### What you have to do
The entries that follow should be repeated exactly, with no pictures kept.

·····

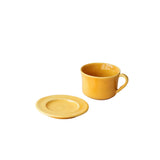 Glossy Ceramic Teacup & Saucer Set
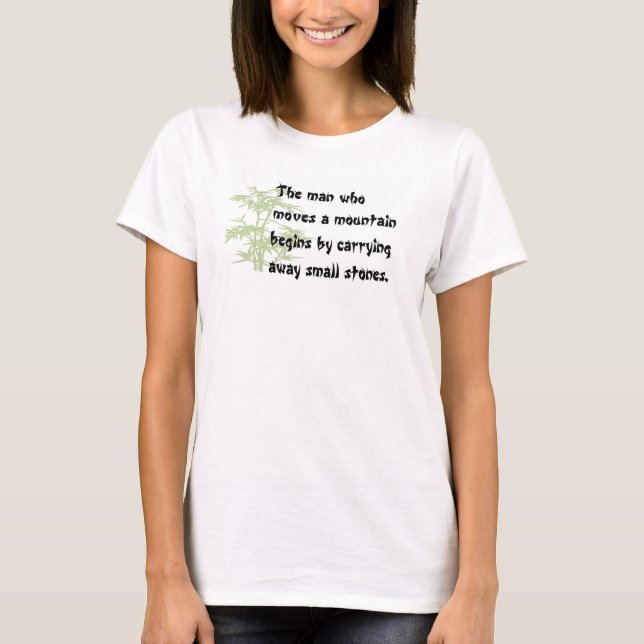 Camiseta china del proverbio (Anverso)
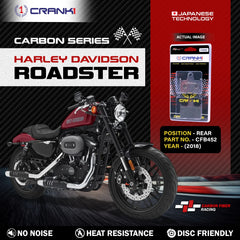 CRANK1 CFB452 Carbon Rear Brake Pads for Harley-Davidson Roadster 2018 - 1 Set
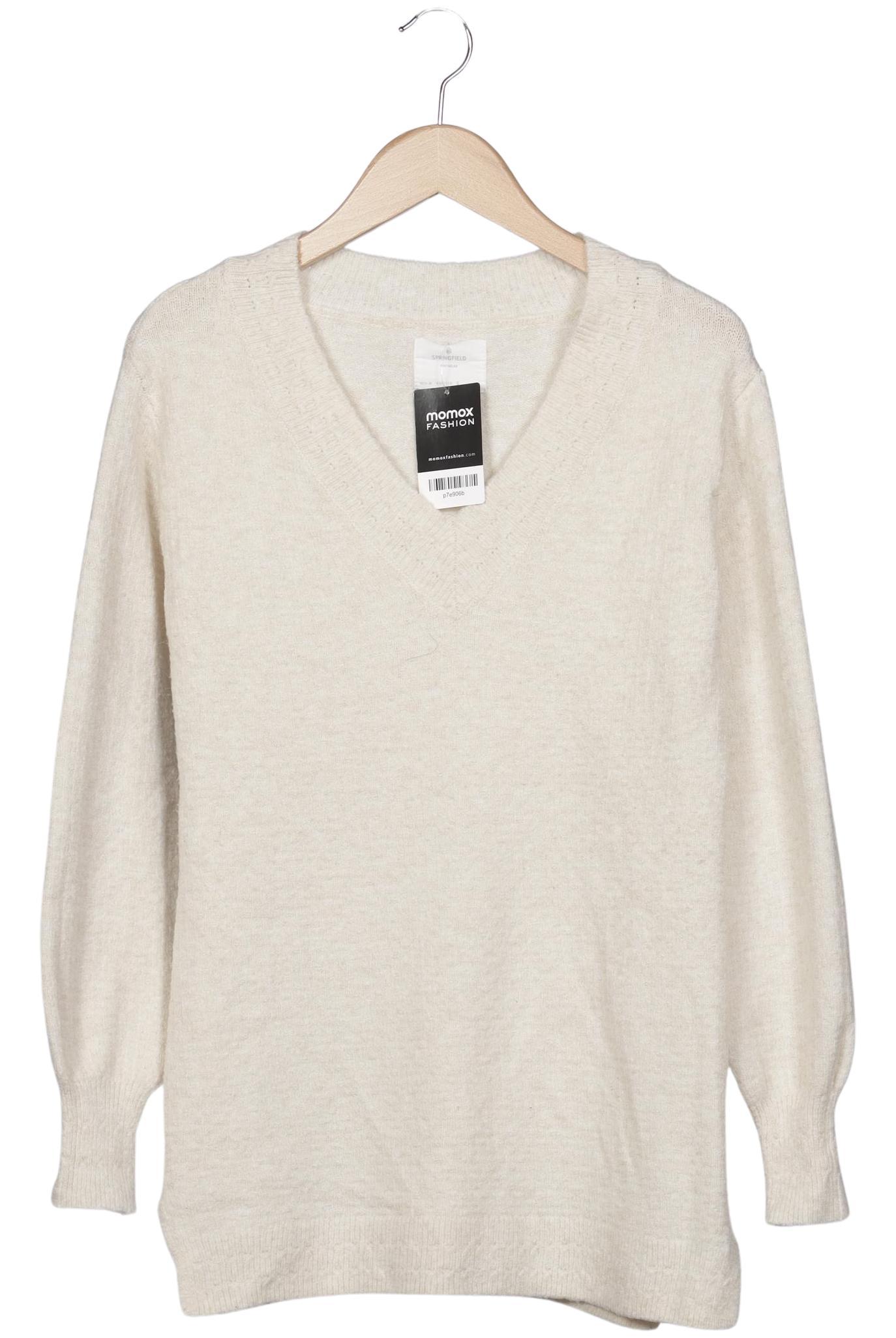 

Springfield Damen Pullover, cremeweiß, Gr. 36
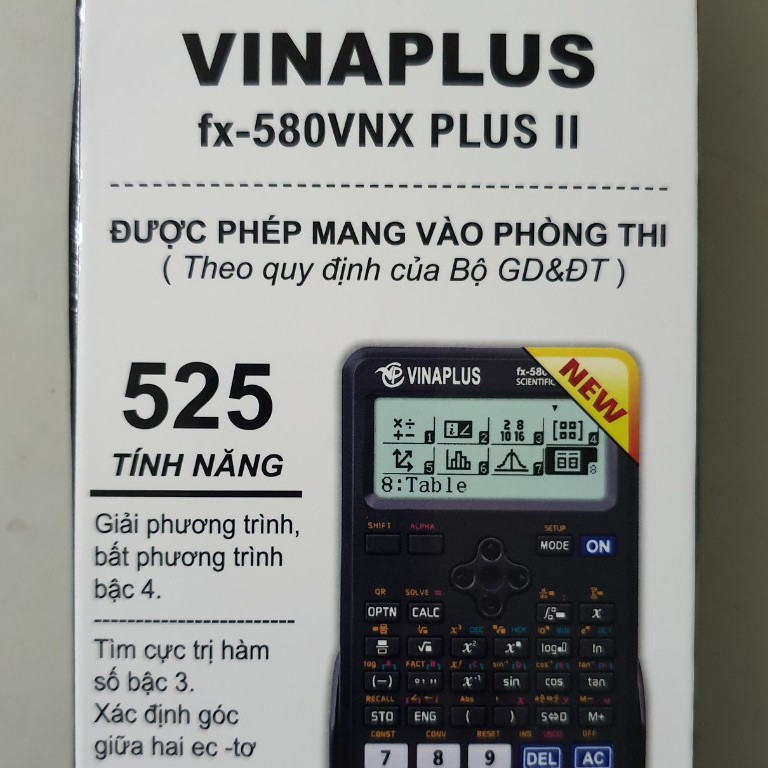 Máy tính khoa học Vinaplus fx-580VNX PlusII Black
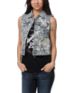 Thread and Supply Acid Paint Denim Vest
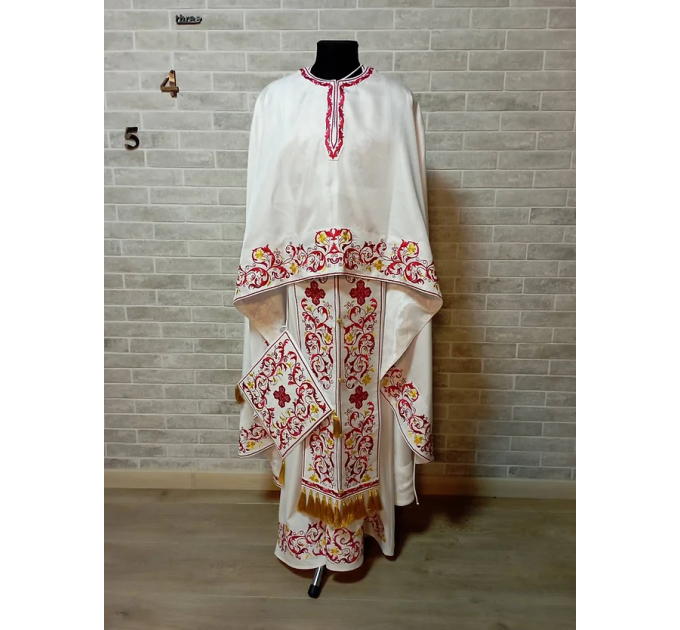 New Greek vestment with machine embroidery - Priest vestment -Clothes for priest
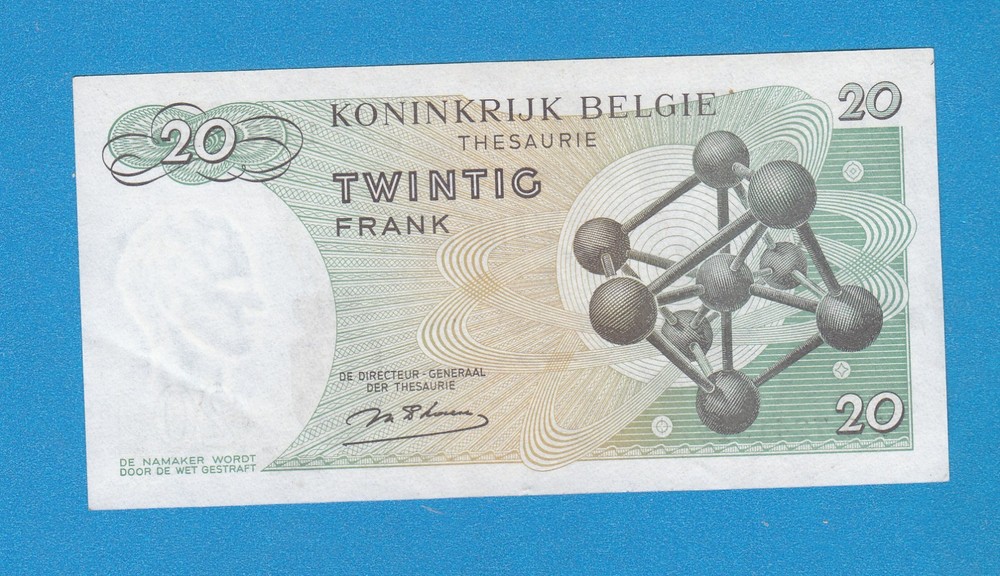 1964 Belgium 20 Francs Note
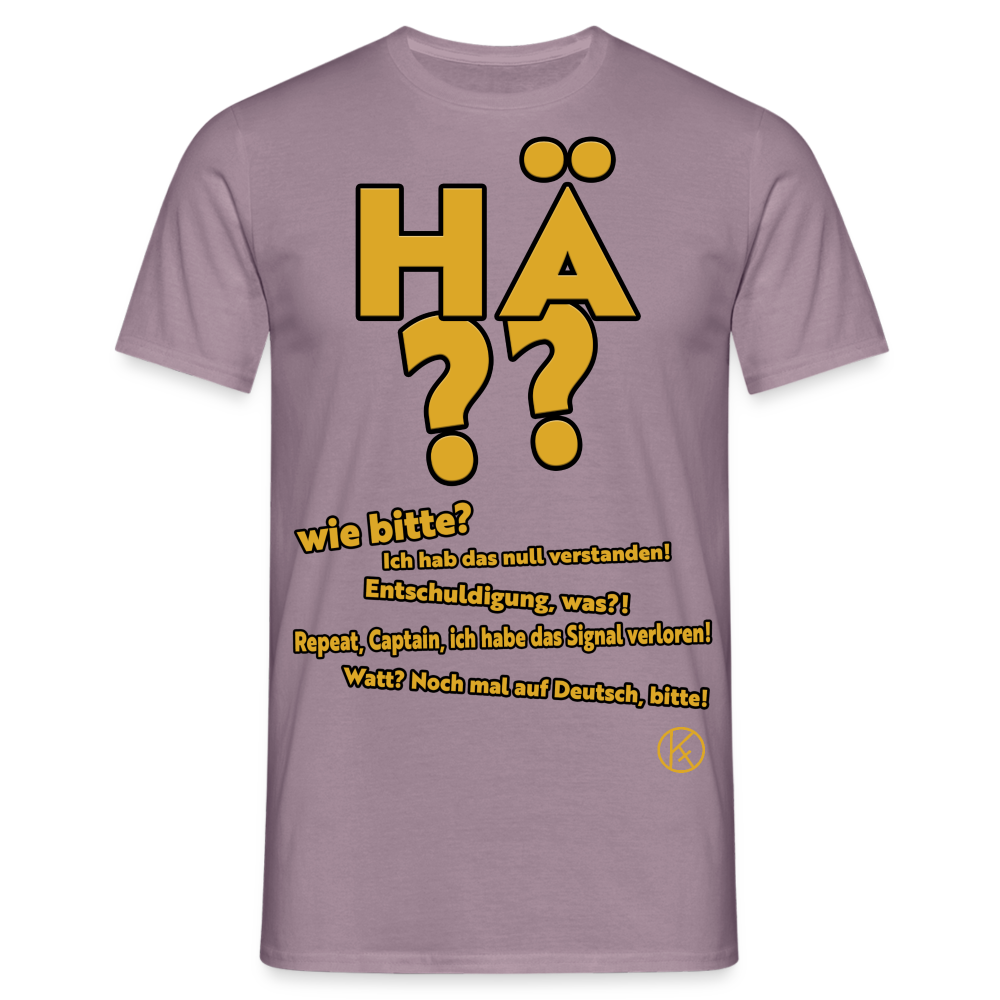 hä?? - witzig - Männer T-Shirt - Lilagrau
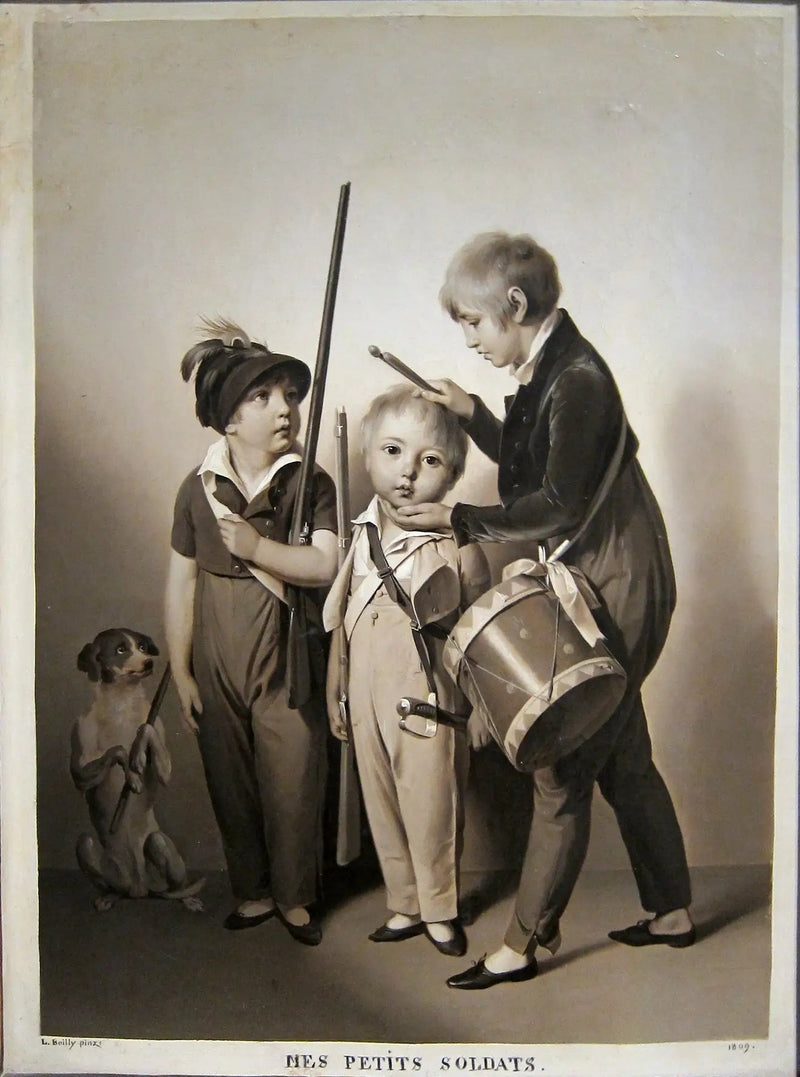 Mine små soldater - Louis-Léopold Boilly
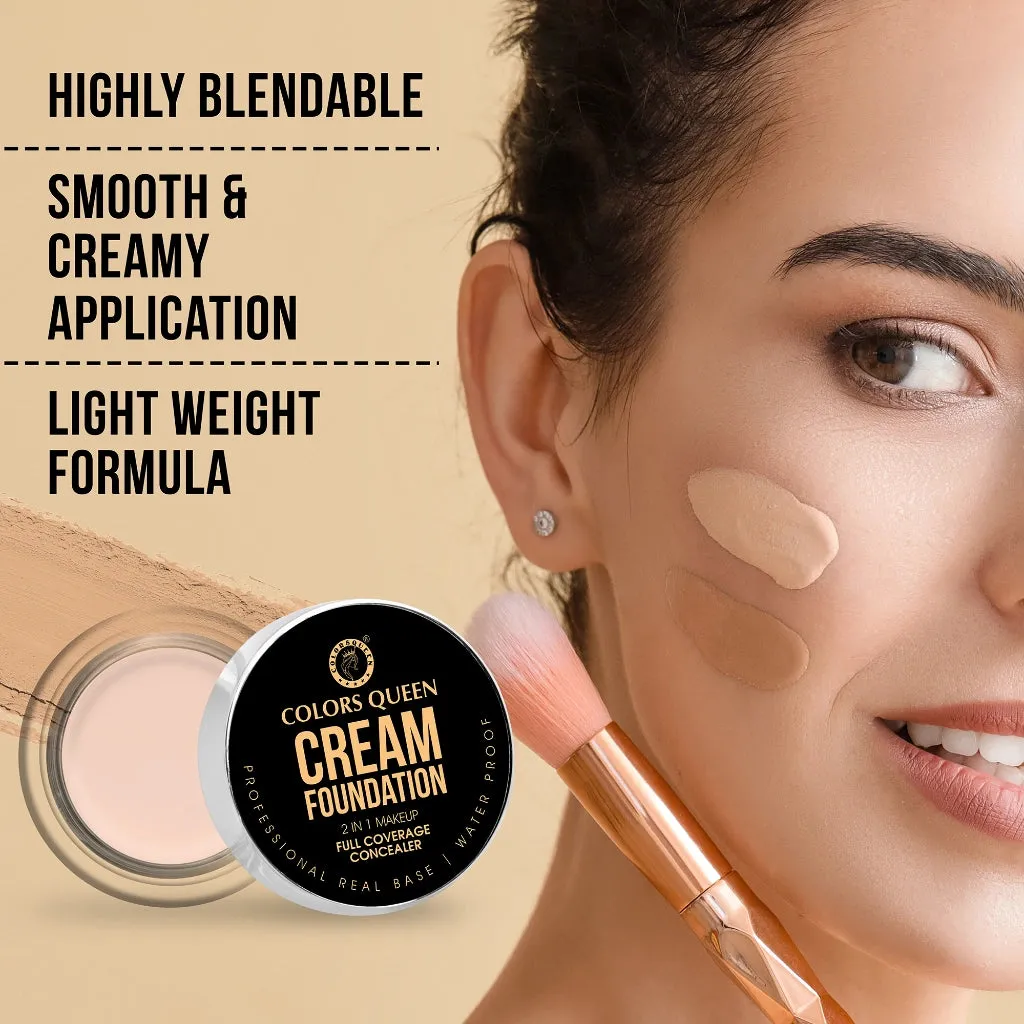Colors Queen 2 in 1 Foundation & Concealer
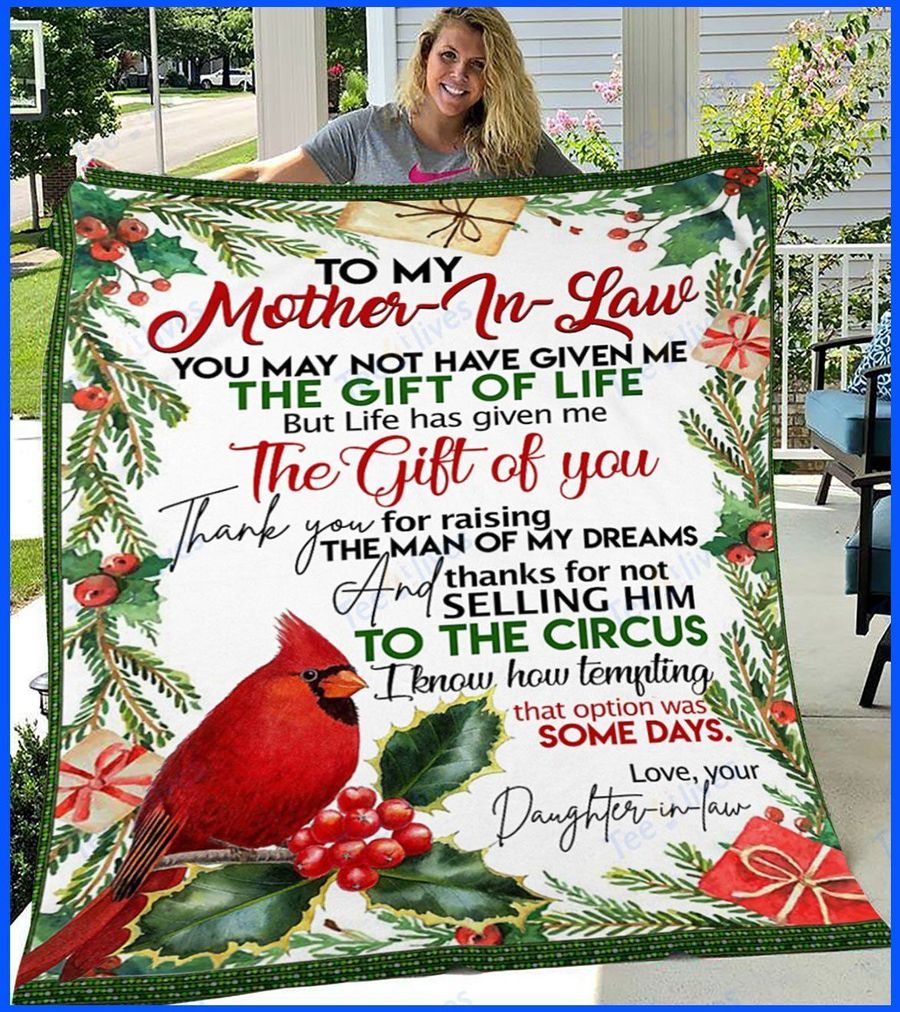 Custom Blanket To My Mother In Law-Best Gift For Mom Mother In Law-Sherpa Blanket TA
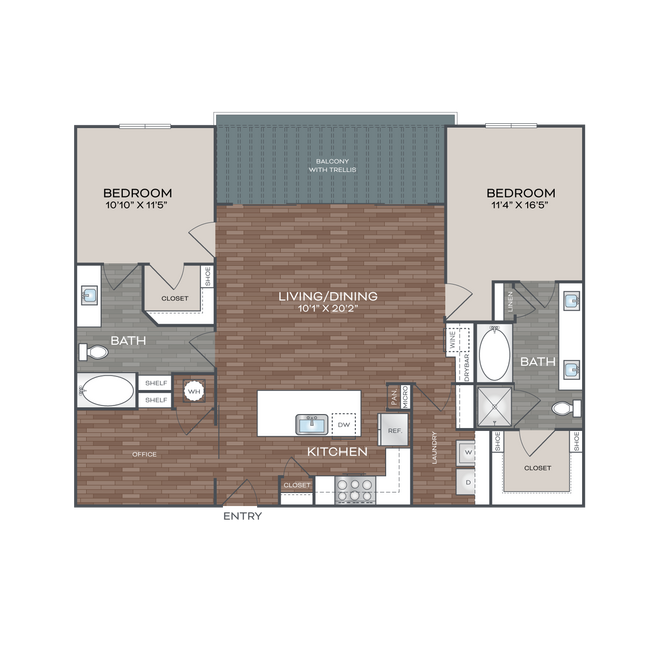 Floorplan - The Quincy at Kierland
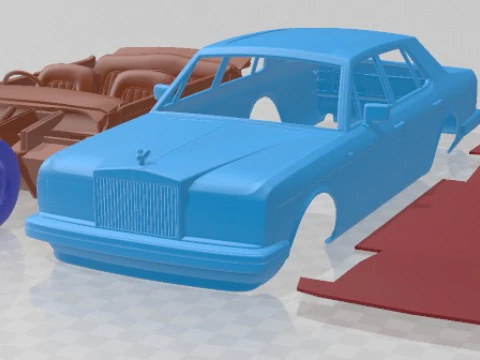 &Eacute;peron Spirit Argent 1980 Modèles 3D en vedette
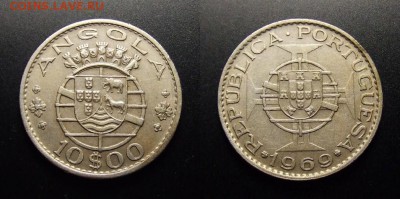 МОНЕТЫ МИРА 07-17 - Португ. Ангола – 10 эскудо (1969)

·····

### Your response
 Glossy Ceramic Teacup & Saucer Set
 Camiseta china del proverbio (Anverso)
 CRANK1 CFB452 Carbon Rear Brake Pads for Harley-Davidson Roadster 2018 - 1 Set

Springfield Damen Pullover, cremeweiß, Gr. 36
 Máy tính khoa học Vinaplus fx-580VNX PlusII Black
 Thread and Supply Acid Paint Denim Vest
 New Greek vestment with machine embroidery - Priest vestment -Clothes for priest
 1964 Belgium 20 Francs Note
 hä?? - witzig - Männer T-Shirt - Lilagrau
 Mine små soldater - Louis-Léopold Boilly
Colors Queen 2 in 1 Foundation & Concealer
 Custom Blanket To My Mother In Law-Best Gift For Mom Mother In Law-Sherpa Blanket TA
 Floorplan - The Quincy at Kierland
 &Eacute;peron Spirit Argent 1980 Modèles 3D en vedette
 МОНЕТЫ МИРА 07-17 - Португ. Ангола – 10 эскудо (1969)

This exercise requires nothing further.